前原 悠人さん (2026年インタビュー時 6年生)


中学生の時に矯正のため通っていた歯医者さんが優しくて、将来、その歯医者さんのような人になりたいと思い、歯学部を選びました。鍼灸師、理学療法士など様々な医療系の学部で迷いましたが、通っていた歯医者さんの人柄が素晴らしかったので、将来をイメージしやすく、同じ道を目指したいと思いました。


6年生になり、歯学部附属病院での臨床実習が始まり、担当教員の先生方と一緒に患者さんの診療にあたっています。自分で治療方針を立てることはとても難しく、毎日が勉強です。ですが、これまで5年間学んできた知識を基に、経験豊富な先生方と意見を交わすディスカッションには、大きなやりがいと楽しさを感じています。何より、実際に患者さんと向き合うことで、「自分が歯科医師になるんだ」という責任感と自覚が芽生えてきました。


臨床実習では朝は8時半に出席を済ませて、9時頃から診療の見学やアシスト、担当の患者さんの診療を行います。12時から13時までのお昼休憩をはさみ、16時頃には診療が終わります。診療後は見学した先生や担当教員とディスカッションをして日々臨床の知識を深めています。
担当の患者さんの治療に使用する模型を作ったりするのですが、その際にわからないことや不安なことがあれば先輩に助けてもらったり、同期とお互いに助け合い、実習を進めています。また、他の病院にも見学に行かせていただき、診療の違いについて学ばせてもらうこともあります。
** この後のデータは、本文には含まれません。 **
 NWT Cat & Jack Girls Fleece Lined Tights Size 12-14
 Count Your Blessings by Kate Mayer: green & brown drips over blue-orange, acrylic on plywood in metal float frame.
大学1年生から毎週日曜日、大阪スーパーモンキーズという社会人サークルのタッチラグビーというスポーツをしています。社会人のチームなので学生ではなかなか関わることのない職業の人や幅広い年代の人とスポーツを通して関わることができます。また、日本代表を目指して練習している方もいるので普段では味わえない刺激ももらえます。練習のない日にはご飯に行ったりもして楽しくさせていただいてます。インスタグラムをやっているので、興味がある方はぜひ連絡お待ちしています。
https://www.instagram.com/osakasupermonkeys_touchrugby?igsh=a2FhOHBxem8xeDB4&utm_source=qr(外部サイト Instagramへリンク)

臨床実習で頚部郭清術(※)を見学した時のことは、今でも印象に残っています。細い神経や血管を傷つけずに手術を進める先生方の技術に、ただただ圧倒されました。私には全く見分けがつかない神経の位置を、先生が瞬時に見抜いたのを見た時は、本当にすごいと思いました。

また、患者さんが笑顔を取り戻す瞬間に立ち会えたことも、忘れられない経験です。虫歯で前歯がなくなり、見た目を気にされていた方が、治療後に「友達の前でも笑えるようになった」と喜んでくださったんです。その笑顔を見たとき、「こんな風に直接人の役に立てるんだ」と、歯科医師という仕事の素晴らしさを実感しました。

※頭頸部がんのリンパ節転移を制御するために行われる外科手術で、首のリンパ節と周囲組織を切除する手技です。


先生方は歯学知識についてはもちろん、研究の知識も豊富なのでいろんな視点から歯学を学べることが魅力だと思います。また、最新の研究について指導していただいたり、実際に研究をしている友達もいますし 、被験者として研修に参加することもできることは他にない魅力だと思います。歯学部を目指すためやるべきことは歯学部に行きたい理由を見つけて勉強のモチベーションを維持して勉強することだと思います。


現在進路を決めている最中で、どの進路に行くか迷っていますが、「歯医者になりたい」ときっかけをつくってくれた歯医者のように優しく、いろんな人の目線に立って物事に取り組める人になりたいと思います。そのため、歯科だけではなく他の業種の方とも連携をし、患者さんのQOLの向上に携われる歯科医師になりたいです。